Transcriptional and Post-Transcriptional Regulations of Amyloid-β Precursor Protein ( APP ) mRNA

Abstract

Alzheimer's disease (AD) is an age-associated neurodegenerative disorder characterized by progressive impairment of memory, thinking, behavior, and dementia. Based on ample evidence showing neurotoxicity of amyloid-β (Aβ) aggregates in AD, proteolytically derived from amyloid precursor protein (APP), it has been assumed that misfolding of Aβ plays a crucial role in the AD pathogenesis. Additionally, extra copies of the APP gene caused by chromosomal duplication in patients with Down syndrome can promote AD pathogenesis, indicating the pathological involvement of the APP gene dose in AD. Furthermore, increased APP expression due to locus duplication and promoter mutation of APP has been found in familial AD. Given this background, we aimed to summarize the mechanism underlying the upregulation of APP expression levels from a cutting-edge perspective. We first reviewed the literature relevant to this issue, specifically focusing on the transcriptional regulation of APP by transcription factors that bind to the promoter/enhancer regions. APP expression is also regulated by growth factors, cytokines, and hormone, such as androgen. We further evaluated the possible involvement of post-transcriptional regulators of APP in AD pathogenesis, such as RNA splicing factors. Indeed, alternative splicing isoforms of APP are proposed to be involved in the increased production of Aβ. Moreover, non-coding RNAs, including microRNAs, post-transcriptionally regulate the APP expression. Collectively, elucidation of the novel mechanisms underlying the upregulation of APP would lead to the development of clinical diagnosis and treatment of AD.
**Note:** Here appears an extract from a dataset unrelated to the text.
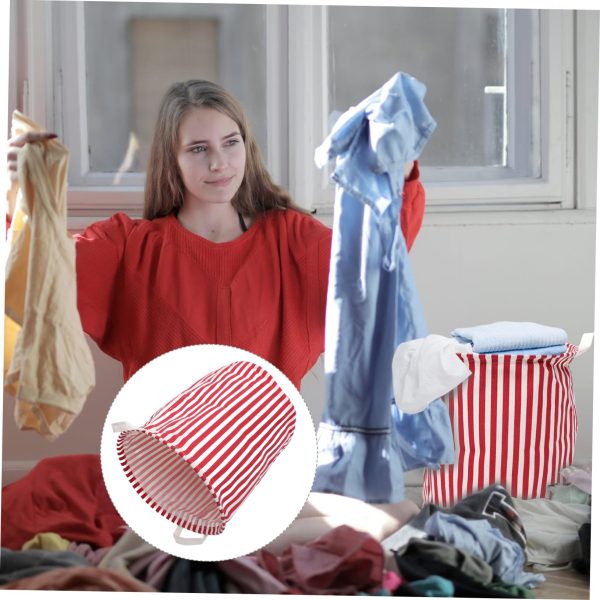 Folding Crate Clothes Storage Laundry Basket
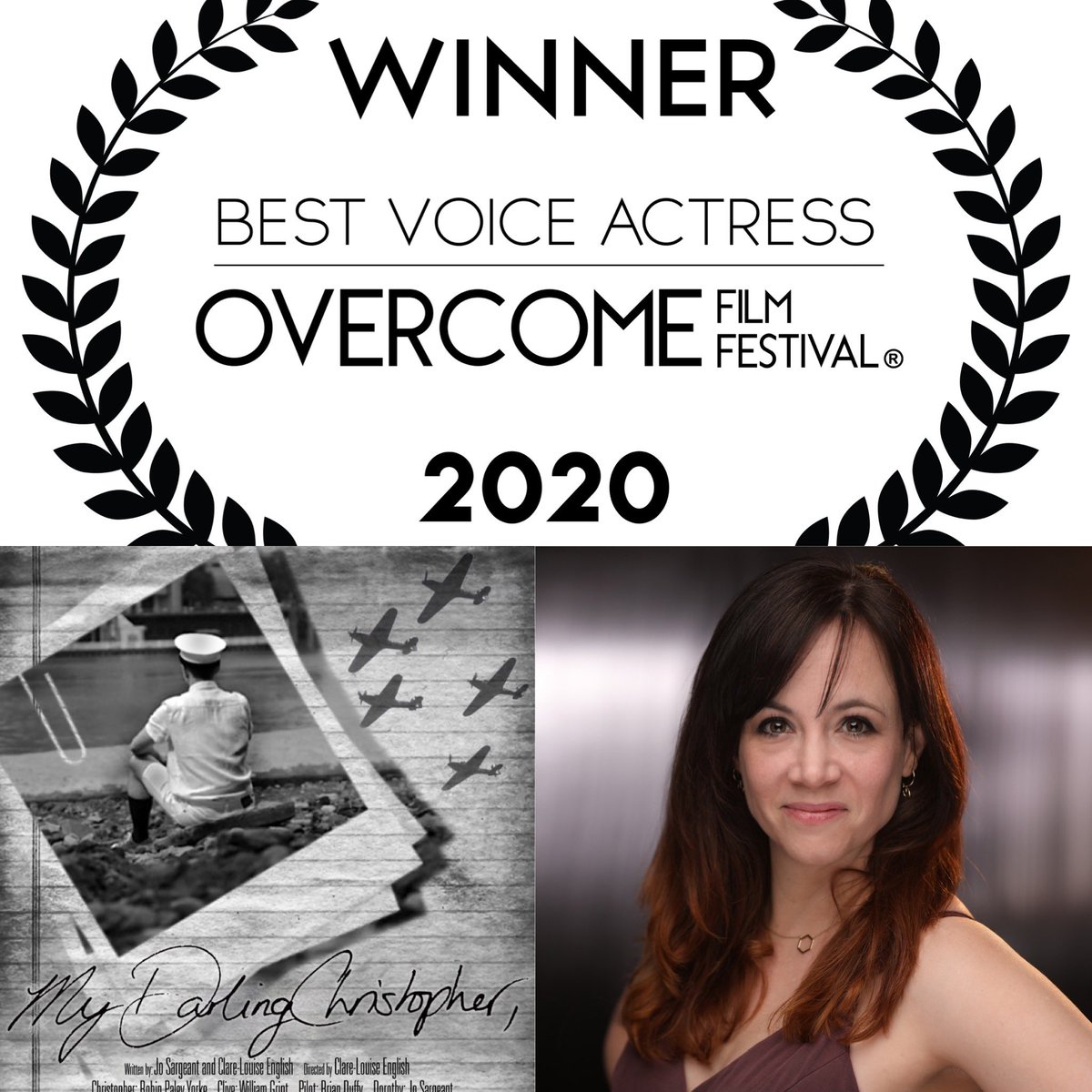She only went and won an award!!! So so thrilled for our <a href="/JoSargeant/">Jo Sargeant🫡</a> who won #BestVoiceActress for her role as Dorothy in our first #shortfilm #MyDarlingChristopher in <a href="/OvercomeFest/">OvercomeFilmFestival</a> 2020 thank you so much!! <a href="/FilmFreeway/">FilmFreeway</a> <a href="/RebekahFilmDR/">M</a> <a href="/RADA_London/">RADA (Royal Academy of Dramatic Art)</a> <a href="/HOME_mcr/">HOME</a> <a href="/JosieWiltshire/">Jo Wiltshire</a>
Keywords: Alzheimer’s disease; RNA-binding protein; alternative splicing; amyloid precursor protein; dementia; microRNA; post-transcription; transcription.

FIGURE 1

Schematic representation of the transcriptional and post-transcriptional regulation of APP. (A). The promoter structure and regulating factors for the APP transcription. (B). cis-regulatory elements and trans-acting factors for the post-transcriptional regulation. APP, amyloid-β precursor protein; SP-1, putative SP-1 binding site; AP-1, putative AP-1 binding site; HSP, heat shock element; DAPB, DNase I protected domain; ARE, androgen response element; AR, androgen receptor. IRES, internal ribosome entry site; IRE, iron responsive element; ITEE, interleukin-1 translation enhancer element; IRP1, iron response protein 1; 52 nt, 52 nt element; 29 nt, 29 nt element; 80 nt, 80 nt element.